Liver transplant surgery is a boon for patients suffering from liver failure. In a living donor, liver transplant takes effect by removing a part of the donor’s liver and putting it into a recipient. There is a higher success rate in case of living donor liver transplant. Hence, it is a preferred mode of treatment in critical cases. Human liver has this wonderful ability to regenerate itself over a period of few days to weeks. This ability of liver is what has been leveraged by the medical science to bring the cure to the misery of those diagnosed with end-stage liver condition. Parents, children, husbands, wives, friends, co-workers–even total strangers–can be living-donor candidates. Does this mean anyone can donate liver? NO
Apart from the noble wish to help someone, there are some factors that are considered before doctors confirm a person can be a donor for liver transplant. These are presented as follows:
Who can donate their liver?
The ideal donor should
Be acting out of his/her own free will
Be 18-55 years of age
In a good health with no major medical/mental illnesses
A non-smoker for at least 2-3 months before surgery
Able to understand and comply with instructions for pre & post surgery procedures
Have a blood group compatible with the recipient’s blood group. Here is who can donate to whom:
Type A can donate to types A and AB.
Type B can donate to types B and AB.
Type AB can donate to type AB.
Type O can donate to types A, B, AB, and O.
Possess tissue compatibility with the recipient. Though this is not always checked. It reviews the match of human leukocyte antigens (HLA) which is to avoid post-surgery rejection.
Have a healthy liver which is tested through Hepatic angiogram and CT scan. The information from these tests is used by the surgeon to determine the anatomy of your liver and to decide which lobe is best for donation.
Who cannot donate their liver?
Those who are forced into this.
Pregnant women and lactating mothers
Anyone who is suffering from a health problems. Here’s a list of disorders that may rule out a potential donor:
Heart, renal, or liver problems or abnormalities.

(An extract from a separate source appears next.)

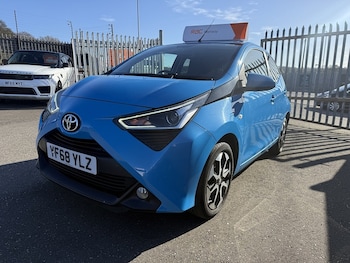 Used Toyota AYGO 2018 for sale - 78713826: Photo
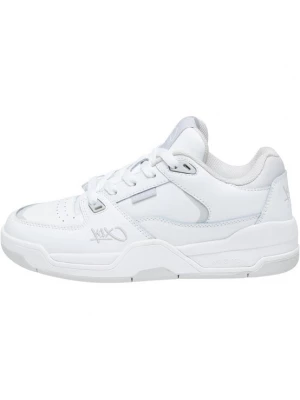 Foto van product K1X Sneakers laag 'Glide' lichtgrijs / wit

History of deep vein thrombosis
History of bleeding problems.
Negative for Hepatitis B and C and for HIV.
History of diabetes.
Prior liver surgery.
Alcoholism or frequent and heavy alcohol intake.
History of cancer.
Psychiatric illness under treatment.
The health state of the person is verified through a series of medical tests like abdominal ultrasound, chest x-ray and electrocardiogram. Donors are also given a detailed confidential questionnaire about their family medical history, lifestyle and other information. Only when there is a clearance on all the parameters a person is allowed to be a liver transplant donor and save someone’s life!